Desserts: There were 4 absolute sins that made it onto our tables. These devils were Chocolate Mud Cake, Salted Caramel Pannacotta ( still drooling over the memories of this one), Baked Blueberry Cheesecake and Apple and Cranberry Crumble. After a lot of pictures the deserts finally had spoons making their way into them. Looking at the white glaze that I though was white chocolate I was quick to pick onto apple and cranberry crumble, only to find that it was not white chocolate. It was a decent one with brittle tart like base topped with custard. The mixture of apple and cranberry was nicely done but yet remained dry and the oozing custard that you see in the pictures never made it to the crumble within. This was 4th amongst desserts. Then came blueberry cheesecake which was nice but the personally I have had much better blueberry syrups. I guess the syrup topping could be changed and enhanced a bit more to make this one even more desirable. The girls in the group by then were melting themselves up over a huge piece of chocolate mud cake. How can a dessert session be over with a Choco sin right? But the assassin for the night was none other than salted caramel panacotta. Caramel I choose any day over chocolate given a choice and this was seventh heaven absolutely. Salted caramel I am now sure can cure cancer and tumor from an ailing body. This is the thing to die for. The texture the salty taste, the caramel sweetness all made me go into an unforgettable trance which I am still unable to recover from. I mean it was so over the edge that all the dishes on one side and yet the panacotta would toss them up at a blink. Absolute and total annihilation this was. I can give it a 50 on 10 just for this one. And I can have one full dinner only on panacotta. Ok so if reading all that has made you drool then don’t wait for some auspicious occasion to visit the place else you will just be disappointed to find out that I went there some time prior and finished up all that was there to offer.
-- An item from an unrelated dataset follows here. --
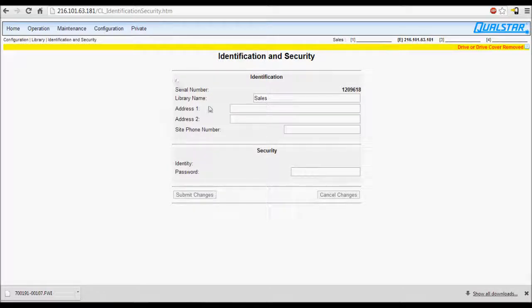Input the identity password update. Make sure the U is capitalized and the rest is lowercase. Then press Submit Changes.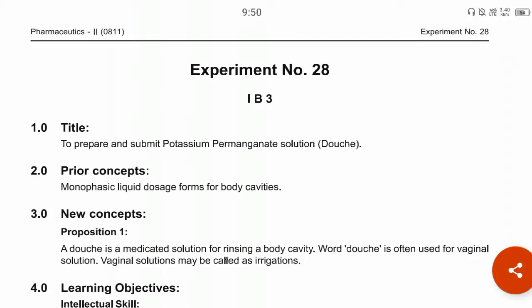Hello students, today we are going to perform experiment number 28. The title of today's experiment is to prepare and submit potassium permanganate solution — we can say that is the preparation of a douche. The prior concept of this experiment that you should know is the monophasic liquid dosage form.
Last but not the least the typical way ii end up my reviews; mentioning the finer points.
Service: well service was very good obviously with 2-3 people dedicated to our table and of course Nishant keeping us entertained all the time with stories from his culinary experience so far. Unfortunately we couldn’t thank Chef Sanjib Das in person that day but we absolutely and truly loved the roller coaster ride for our taste buds that the ticket to Terttulia took us on. AS with regards to rating, the desserts scored an avg 8. My overall experience I would rate an 8 on 10.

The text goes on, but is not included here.